一方、ステップS39で“YES”であれば、たとえばステップS35の処理で抽出された点Xが候補点リストに記憶されていれば、ステップS41でプロセッサ60は、頭部位置から最も遠い点Xを候補点リストから読み出す。たとえば、頭頂部HTから最も遠い点Xが候補点リストから読み出される。続いて、ステップS43でプロセッサ60は、読み出された点Xと略同じ距離の周囲の点を結合する。つまり、頭部位置から最も遠い点Xにおいて、略同じ距離の周囲の点が結合(クラスタリング)される。続いて、ステップS45でプロセッサ60は、結合結果を腕候補点リストに記憶する。つまり、腕候補点リストバッファ334に記憶されている腕候補点リストに、ステップS43の処理で結合された全ての点(領域)が記憶される。
続いて、ステップS47でプロセッサ60は、結合結果に肩位置Snが含まれるか否かを判断する。つまり、腕候補点リストの中に、人間Hの2つの肩位置Snのうちいずれか1つが含まれているかが判断される。また、ステップS47で“YES”であれば、つまり結合結果の領域に肩位置Snが含まれていれば、ステップS49でプロセッサ60は、結合結果は腕領域の特徴を有しているか否かを判断する。たとえば、腕候補点リストに記憶される結合結果の領域が、細長い形状をしており、かつ一定の長さを有しているかが判断される。ステップS49で“YES”であれば、つまり結合結果が腕領域の特徴を有していれば、ステップS51でプロセッサ60は、結合結果を腕領域として記憶する。つまり、腕候補点リストに記憶されている各点Xに基づいて腕領域が定義され、その腕領域が腕領域バッファ336に記憶される。なお、ステップS51の処理を実行するプロセッサ60は第1記憶手段として機能する。
続いて、ステップS53でプロセッサ60は、記憶されている腕領域が3つか否かを判断する。つまり、腕が誤認識されているかが判断される。ステップS53で“NO”であれば、つまり認識されている腕が2本以下であれば、ステップS55でプロセッサ60は、腕の角度が所定角度範囲内か否かを判断する。つまり、人間Hの腕の角度が指さしジェスチャを行っていると考えられる角度であるかが判断される。ステップS55で“NO”であれば、つまり人間Hの腕の角度が指さしジェスチャを行っているとは考えられない角度であれば、プロセッサ60はステップS61の処理に進む。つまり、認識された腕で指さしジェスチャが行われていないと判断されたため、他の点Xに基づく腕領域を検索するために、プロセッサ60はステップS61の処理に進む。
同様に、結合された点の集まり(領域)に肩位置Snが含まれておらずステップS47で“NO”であるか、結合結果が腕領域の特徴を有しておらずステップS49で“NO”であれば、プロセッサ60はステップS61の処理に進む。つまり、結合結果の領域が人間Hの腕ではないと判断された場合も、他の点Xに基づく腕領域を検索するために、プロセッサ60はステップS61の処理に進む。

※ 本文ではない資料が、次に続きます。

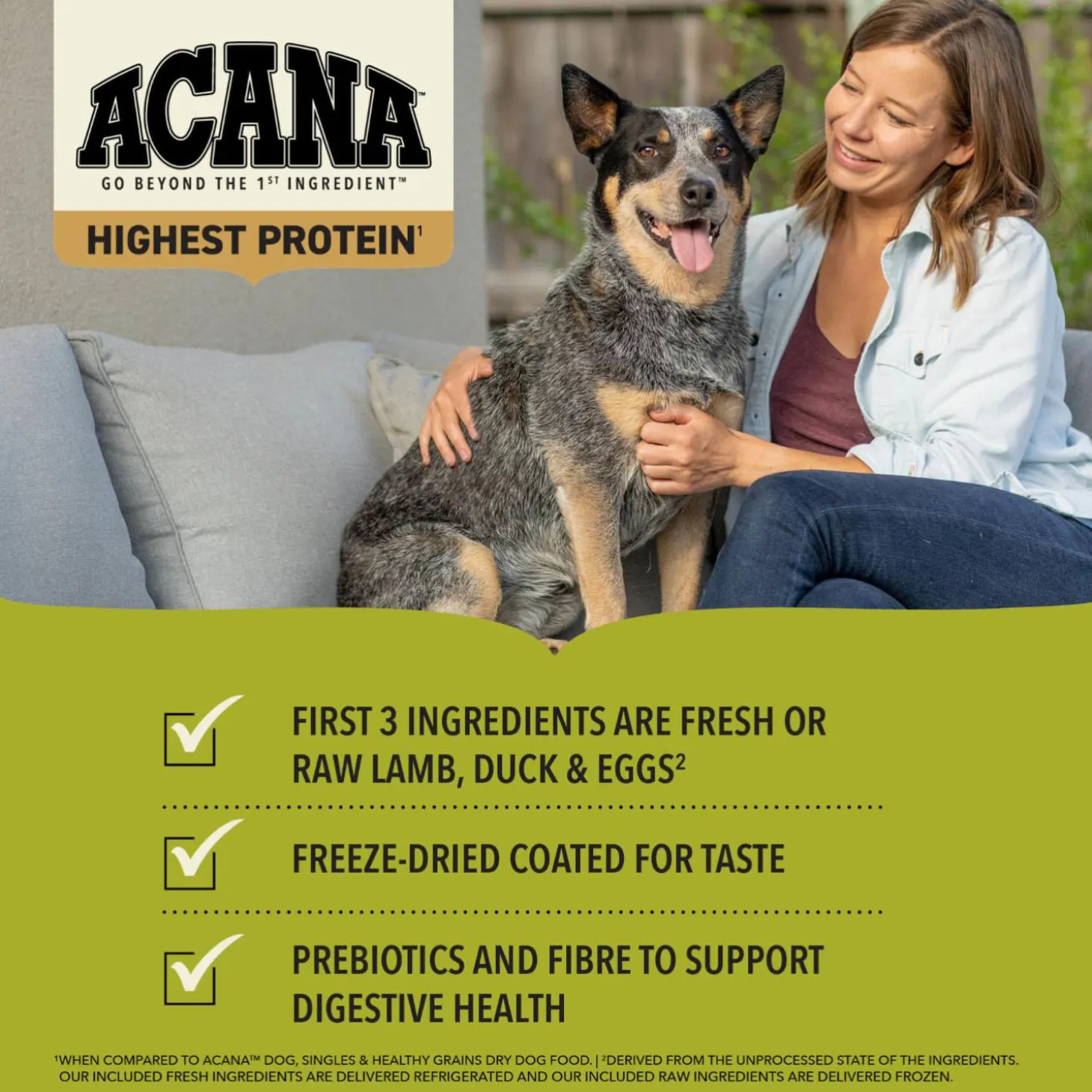 Highest Protein Grasslands Recipe Dog Food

また、ステップS55で“YES”であれば、つまり腕の角度が指さしジェスチャを行っていると考えられる状態であれば、ステップS57でプロセッサ60は、指さし方向Pxが既に記憶されているか否かを判断する。つまり、他の腕によって行われた指さしジェスチャが既に認識されている状態かが判断される。具体的には、仮指さし方向バッファ338に指さし方向Pxが既に記憶されているかが判断される。
ステップS57で“NO”であれば、つまり他の腕による指さしジェスチャが認識されていなければ、ステップS59でプロセッサ60は、体の特徴点と腕領域とに基づいて指さし方向Pxを記憶する。つまり腕領域における点Xを指先Pとすると共に上述の中点Cが求められ、中点Cに対する指先Pの方向が指さし方向Pxとして記憶(検出)される。なお、ステップS59の処理を実行するプロセッサ60は第2記憶手段として機能する。

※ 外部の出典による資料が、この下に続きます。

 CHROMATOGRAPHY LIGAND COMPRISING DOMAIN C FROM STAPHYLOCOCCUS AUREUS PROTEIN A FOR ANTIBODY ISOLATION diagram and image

続いて、ステップS61でプロセッサ60は、候補点リストから結合結果と対応する点を削除する。つまり、腕候補点リストに記憶される結合結果(腕領域)が候補点リストから削除される。そして、ステップS61の処理が終了すると、プロセッサ60はステップS39の処理に戻る。なお、他の実施例では、指さし方向Pxが検出(記憶)されると、指さし認識処理が終了するようにしてもよい。
また、腕領域が検出されていてステップS53で“YES”と判断されるか、指さし方向Pxが既に検出されていてステップS57で“YES”と判断されると、プロセッサ60は、ステップS63で記憶されている腕領域と指さし方向Pxとを削除し、ステップS65で候補点リストに記憶されている点Xを全て削除する。つまり、指さしジェスチャが誤認識されている可能性が高いため、認識されている腕領域および検出された指さし方向Pxが削除される。また、他の腕領域を検出する必要もないため、候補点リストから点Xが全て削除される。そして、ステップS65の処理が終了すると、プロセッサ39の処理に戻る。このとき、ステップS39では“NO”と判断されるため、プロセッサ60は指さし認識処理が終了する。また、ステップS63の処理を実行するプロセッサ60は削除手段として機能する。

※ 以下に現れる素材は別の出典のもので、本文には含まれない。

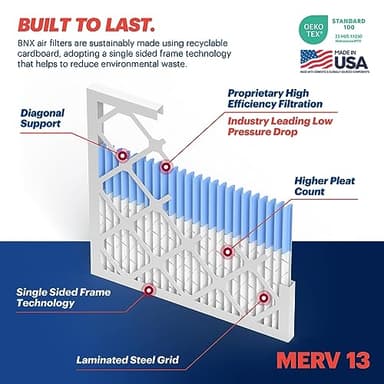 BNX TruFilter 20x20x1 MERV 13 (4-Pack) AC Furnace Air Filter - MADE IN USA - Electrostatic Pleated Air Conditioner HVAC AC Furnace Filters - Removes Pollen, Mold, Bacteria, Smoke - Image 4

なお、他の実施例では、指さしジェスチャを適切に認識している距離画像センサ12を特定する際には、人間Hと距離画像センサ12との距離に基づいて判断されてもよい。
また、その他の実施例では、腕を使ったジェスチャには、指さしジェスチャだけではなく、手のひらを広げて対象物を指し示すようなジェスチャも含まれる。
また、さらにその他の実施例では、腕を使ったジェスチャを行っている時間を利用して、そのジェスチャが正しく行われているかを判断するようにしてもよい。たとえば、腕を使ったジェスチャを行っている時間が閾値(たとえば、2秒)より長い場合に、腕を使ったジェスチャが行われていると判断される。
また、本実施例では、人間Hと略同じ外観のロボットであっても、体の特徴点を抽出することが出来る。
また、上述の実施例では、閾値(所定値)などに対して「より大きい」などの言葉を用いたが「閾値より大きい」とは「閾値以上」の意味も含まれる。同様に「閾値よりも小さい」とは「閾値以下」および「閾値未満」の意味も含まれる。
また、本実施例で説明した複数のプログラムは、データ配信用のサーバのHDDに記憶され、ネットワークを介して本実施例と同等の構成のシステムに配信されてもよい。また、CD, DVD, BD (Blu-ray(登録商標) Disc)などの光学ディスク、USBメモリおよびメモリカードなどの記憶媒体にこれらのプログラムを記憶させた状態で、その記憶媒体が販売または配布されてもよい。そして、上記したサーバや記憶媒体などを通じてダウンロードされた、上記複数のプログラムが、本実施例と同等の構成のシステムに適用された場合、本実施例と同等の効果が得られる。
そして、本明細書中で挙げた、具体的な数値は、いずれも単なる一例であり、製品の仕様変更などに応じて適宜変更可能である。